◆ Your goal ◆
Would you copy only the lines below, from the one containing "Hillary Clinton depõe" through the very last one, leaving the pictures out?

◆ Dataset excerpt ◆

------------------------------------------------------------------------

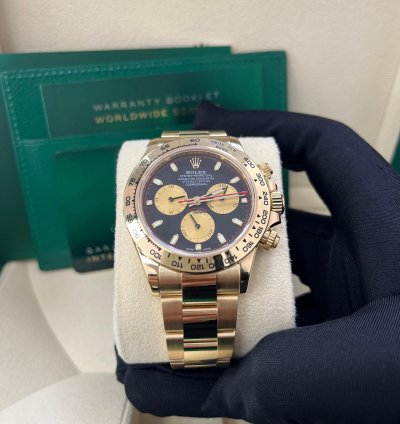 Rolex Daytona Paul Newman Yellow Gold Daytona Black Dial Yellow Subdials 116508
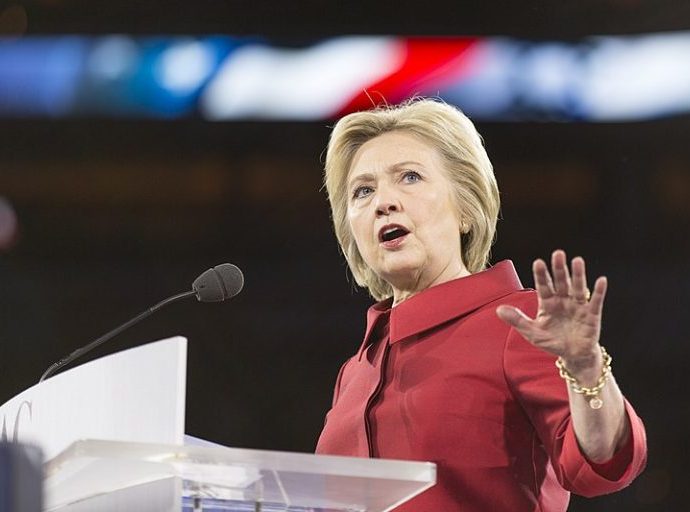 Hillary Clinton depõe sobre caso Epstein e gera polêmica no Congresso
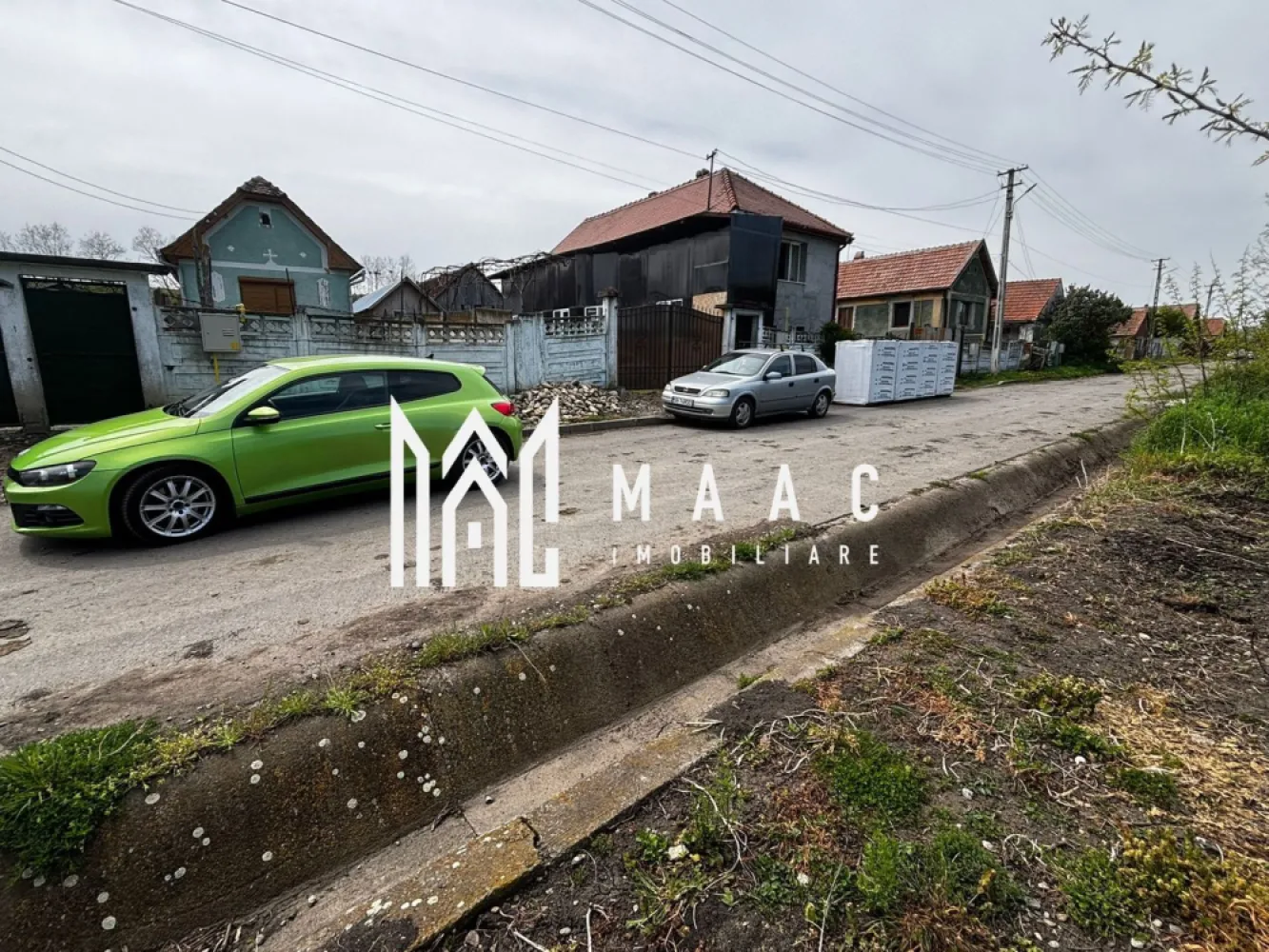 Teren intravilan | 500 mp | Utilități la poartă | Deschidere 19 ml | Alămor - Maac Imobiliare prezintă spre vânzare un teren intravilan situat în localitatea Alămor, județul Sibiu, ideal pentru construcția unei locuințe. Terenul are o suprafață de 500 mp și beneficiază de o deschidere generoasă la drum de aproximativ 19 metri liniari, oferind multiple posibilități de construire. Proprietatea dispune de utilități la poartă: gaz, apă, curent electric și canalizare, ceea ce reprezintă un avantaj major pentru viitoarea construcție. Pe teren se regăsesc pomi fructiferi și viță de vie, fiind potrivit atât pentru locuință, cât și pentru relaxare sau mică grădină. Zona este una locuită, cu case construite în imediata apropiere, iar accesul se face pe drum asfaltat. Preț: 13.500 euro Pentru mai multe detalii sau pentru a programa o vizionare, vă rugăm să menționați telefonic ID-ul anunțului: CP3053014 }}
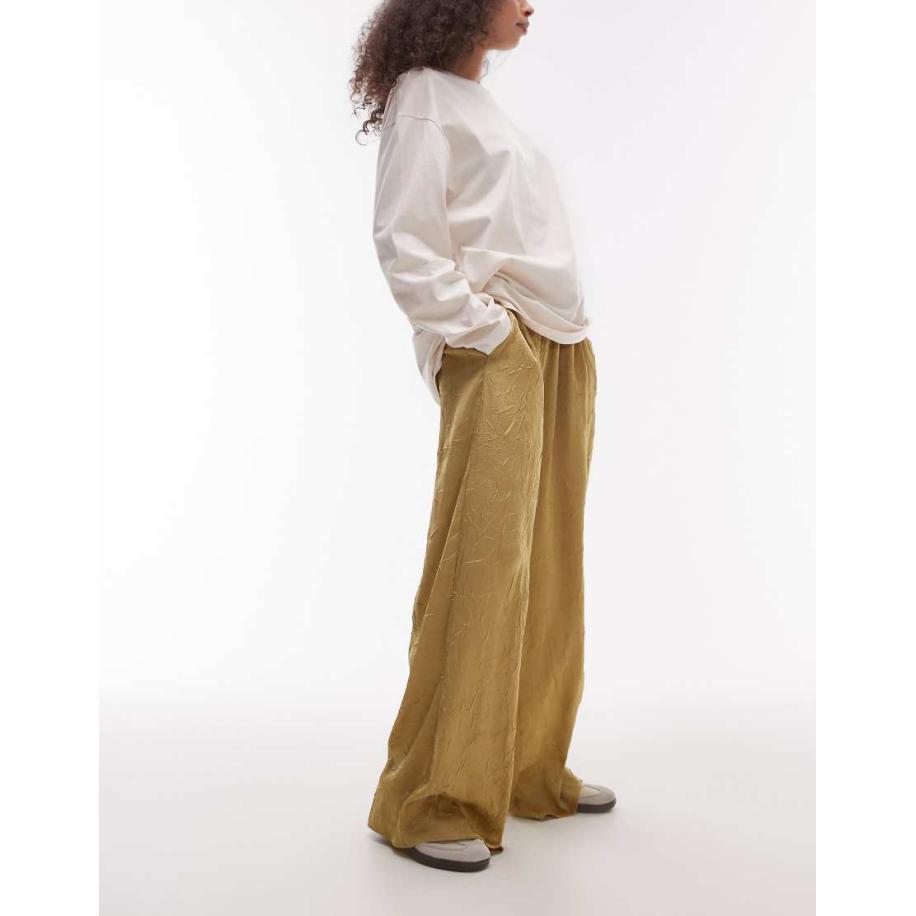 Topshop Broek met wijde pijpen van gekreukt satijn in champagne-Groen Groen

------------------------------------------------------------------------

◆ Answer ◆
 Hillary Clinton depõe sobre caso Epstein e gera polêmica no Congresso
 Teren intravilan | 500 mp | Utilități la poartă | Deschidere 19 ml | Alămor - Maac Imobiliare prezintă spre vânzare un teren intravilan situat în localitatea Alămor, județul Sibiu, ideal pentru construcția unei locuințe. Terenul are o suprafață de 500 mp și beneficiază de o deschidere generoasă la drum de aproximativ 19 metri liniari, oferind multiple posibilități de construire. Proprietatea dispune de utilități la poartă: gaz, apă, curent electric și canalizare, ceea ce reprezintă un avantaj major pentru viitoarea construcție. Pe teren se regăsesc pomi fructiferi și viță de vie, fiind potrivit atât pentru locuință, cât și pentru relaxare sau mică grădină. Zona este una locuită, cu case construite în imediata apropiere, iar accesul se face pe drum asfaltat. Preț: 13.500 euro Pentru mai multe detalii sau pentru a programa o vizionare, vă rugăm să menționați telefonic ID-ul anunțului: CP3053014 }}
 Topshop Broek met wijde pijpen van gekreukt satijn in champagne-Groen Groen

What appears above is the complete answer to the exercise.